How do bots work? They are often embedded deeply in online communities and used to link different communities so that community members receive the same information. They share posts between social media platforms and post stories that appear to be from legitimate news sites but are often from sites created to appeal to a constituency or give the appearance of wide support.
“What this does is create a groundswell of what appears to be strong support for common ideas even though it is just fiction,” said Carley. “You get truth and fiction being spread to people so fast through a series of soundbites that there’s not an ability for them to check it.”
Panelist Nitin Agarwal, PhD, of the University of Arkansas at Little Rock referred to a recent Wired magazine cover story that profiled teenage bloggers in Macedonia, where the chance to make comparatively large sums of money motivates tech savvy young people to create blogs that lift misinformation from sites with right wing or alt-right viewpoints. Since recent research shows 34 percent of Americans trust the information they receive from social media and 14 percent consider social media their most important information source, these blogs can have real impact.
“This is a huge percentage when you consider the electorate; 1 percent can make a difference there,” Agarwal said.
Agarwal’s research team tracks blogs and bloggers, how fringe ideas make their way into the mainstream, and how these ideas are further shared through mainstream social media, taking full advantage of a mass communication system that supports one-to-one, one-to-many, and most importantly many-to-many communications.
Panelist Huan Liu, PhD, of Arizona State University has been a big data researcher for more than 20 years and is an expert on gleaning knowledge from data, but, he said, traditional methods of data analysis don’t work as well on social media data, partly because of the misinformation on social media channels.

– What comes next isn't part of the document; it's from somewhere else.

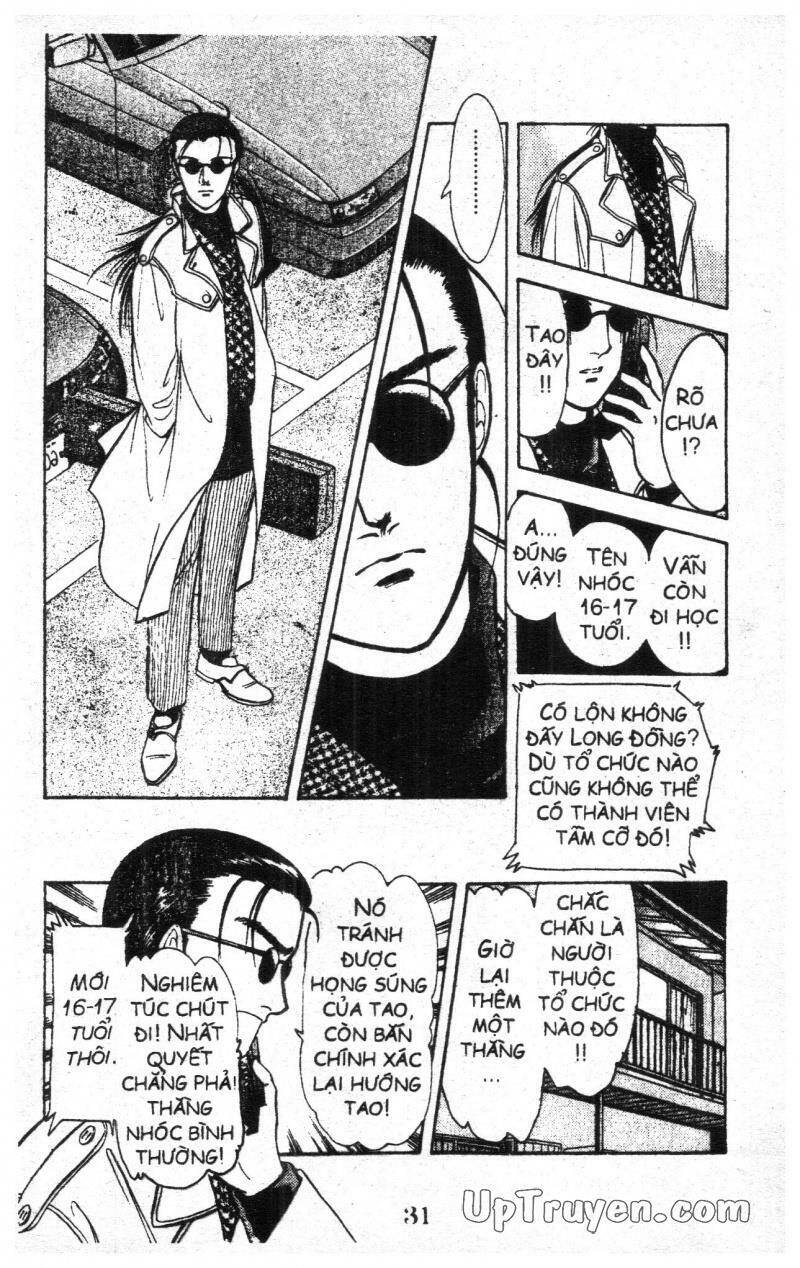 9 Banme No Musashi - Chương 3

Furthermore, artificial intelligence, which is integrated into social media platforms and into bots, makes bots more “intelligent” and harder to detect, he said.
Data science related to social media must account for misinformation by detecting bots, thereby reducing their impact, according to Liu. However, traditional big data research tactics are not enough in the era of artificial intelligence.
“Big data alone is not enough,” said Liu. “We need to enable user-controlled information filters and checkers. We need to promote and build diverse collective intelligence.”
Manipulating the narrative
According to panelist Rand Waltzman, PhD, of Rand Corporation fake news is an old idea that’s been given new life through social media and the internet. It’s an example of “active measures,” a term coined by the KGB, he said.
“Active measures are techniques used to manipulate groups of people—anywhere from 10 to a billion—using information as a weapon, doing whatever the perpetrator wishes, while making those people think it was their idea,” said Waltzman. “It doesn’t matter whether the information is true, half true or false as long as it gets the job done.”
Active measure techniques, said Waltzman, are used in everything from criminal activity to mass marketing to political campaigns. “At some point, and I think we are almost there, active measures completely dominate the information environment and objective truth and reality become almost meaningless or irrelevant concepts.”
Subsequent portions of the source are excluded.